I took it with me to Turkey, where I taught English, and later to Kenya. The cup to me represented my freedom, and it really launched me into my sort of peripatetic life — and my ability to keep moving when things fell apart. When my marriages ended, it’s the one thing I held on to. I’ve lived in at least 20 different places, and it’s been all over the world with me, this piece of china. It’s a sweet little cup, but it holds a lot: It’s both a reminder of what was lost and a symbol of my independence from my mom and from her illness. It’s the only thing she’s ever given me — and it’s the one thing I’d always wanted.

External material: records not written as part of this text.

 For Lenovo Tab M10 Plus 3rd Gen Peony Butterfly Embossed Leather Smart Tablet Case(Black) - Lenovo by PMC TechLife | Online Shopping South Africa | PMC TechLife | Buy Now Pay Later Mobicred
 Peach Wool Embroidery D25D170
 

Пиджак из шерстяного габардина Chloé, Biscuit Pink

Carter Roberts, president and CEO of World Wildlife Fund: Wood paddle

This paddle was given to me in Mozambique by a local fisherman, an older gentleman with a weathered face who you could tell had spent his life on the ocean. He lives in one of the poorest areas of the world, where they depend on fishing for food. Foreign trawlers had cleaned out the local fisheries, and we’d been working for about 10 years to give local communities more control. Now they’re catching larger fish and they’re able to feed their families.

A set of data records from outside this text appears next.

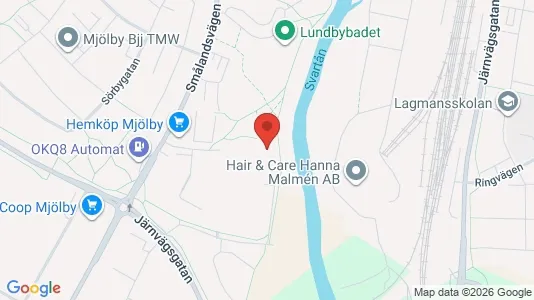 Lägenheter att hyra i Mjölby - kort over placeringen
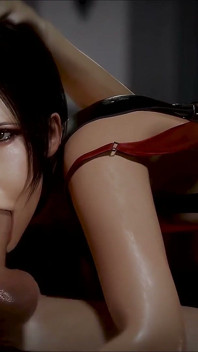 Deep Throat od Ada Wong a drsný anální sex.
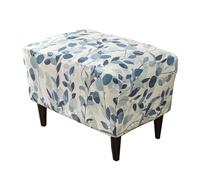 (Solo incluye el cojín del asiento, no hay otros artículos) Funda rectangular XL para silla otomana de color sólido, parte inferior elástica, perfecta para reposapiés y sofás, protector de muebles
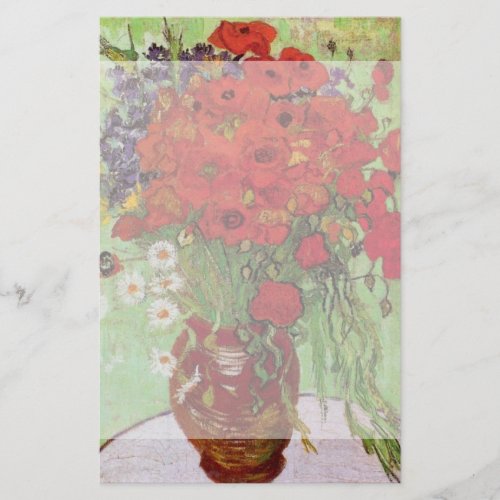 Red Poppies and Daisies by Vincent van Gogh Stationery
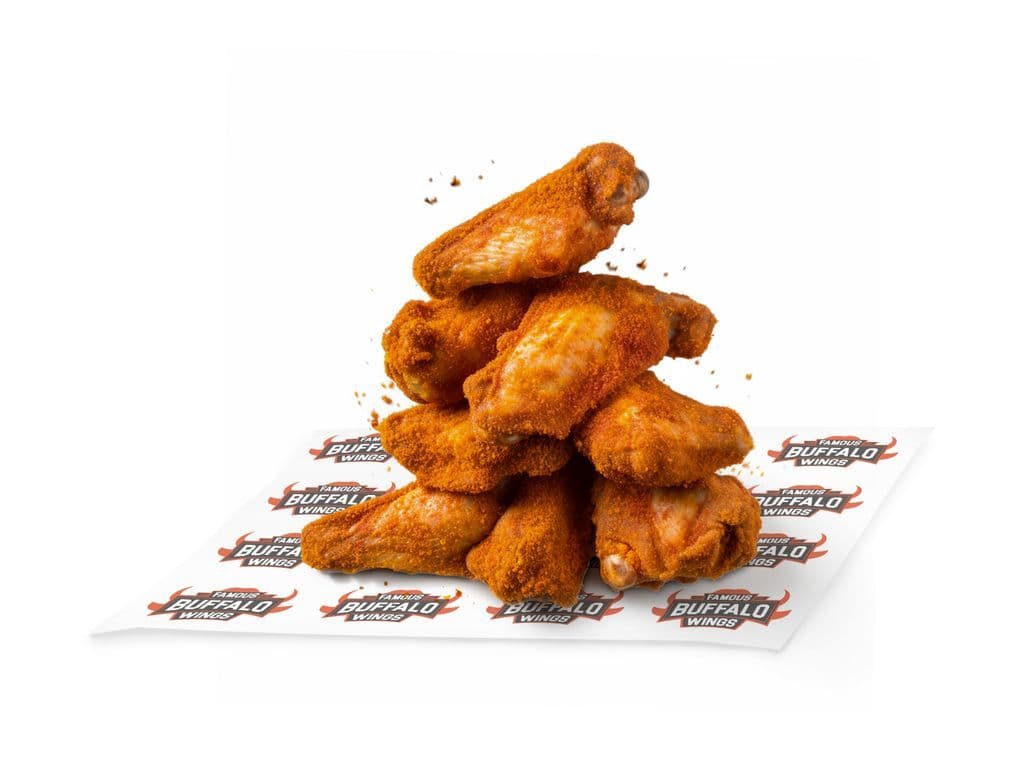 Buffalo Dry Rub Traditional Wings *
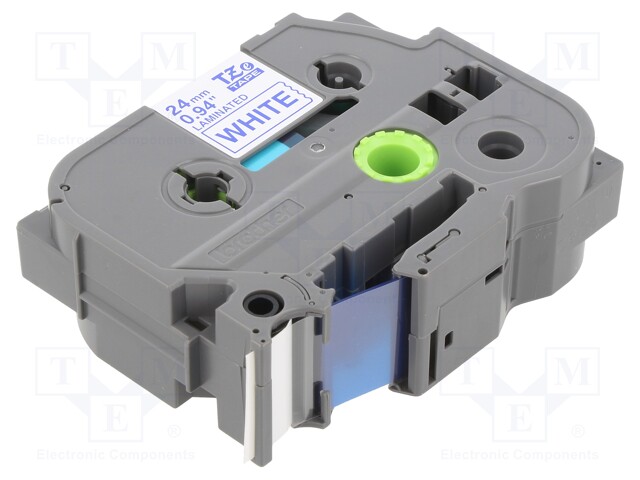 Tape; Width: 24mm; Colour: white; Character colour: blue; L: 8m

It’s not the most elegant paddle I’ve seen, but every part of it tells a story. The handle is broken in half but instead of getting a new one, the fisherman nailed it together because deforestation has made wood so scarce. On one side of the blade, there’s an etched set of lines. Like a checkerboard. He told me that during the years when the fisheries were cleaned out, the fishermen would pass the time by playing a board game on the blade. I keep the paddle by my desk. It reminds me of what’s at stake if we don’t care for the land and the ocean.

Elana Haviv, founder and executive director of Generation Human Rights: Stuffed bear

We made these bears in second grade. I clearly remember arguing with my teacher that I needed to sew up her stomach, while my teacher insisted that I leave it open so I could put treasures inside. Why would I put treasures inside a hole filled with stuffing? My teacher won the battle and the bear’s stomach is still open, but I’ve never once put anything inside it.

As an adult, I’ve spent long periods working with refugee children in Bosnia and other war-torn regions. They’ve lost so much, including the ability to have a say in most aspects of their lives. That always hits me when I come home and my treasure chest bear is lying on my pillow, empty.

Kaija Mistral Towner, hair and makeup artist: iPod

I keep this iPod in the glove compartment of my car. A lot of what’s on it are playlists and photos from my first real relationship, my first true love. He and I bought an RV and took a six-week road trip from Seattle to Colorado, then through Texas, Tennessee, the Carolinas. I listen to the playlists when I’m alone and have a long drive; that’s when I get sentimental — you know, when you want to wallow in your memories? I’ll remember what part of the drive we were on when we first heard a particular song. That was 12 years ago. Now I see him every six months or so, but we’re so different. I think about who I was then and who I am now. Was I okay living the rest of my life arguing? Would I be okay now with less passion but more stability? I’ve never backed up my iPod. There’s part of me that feels like when it dies, it wants to be gone, that I should find new music, that it’s time.


All images and text excerpted from What We Keep by Bill Shapiro with permission from Running Press.


What We Keep is out now.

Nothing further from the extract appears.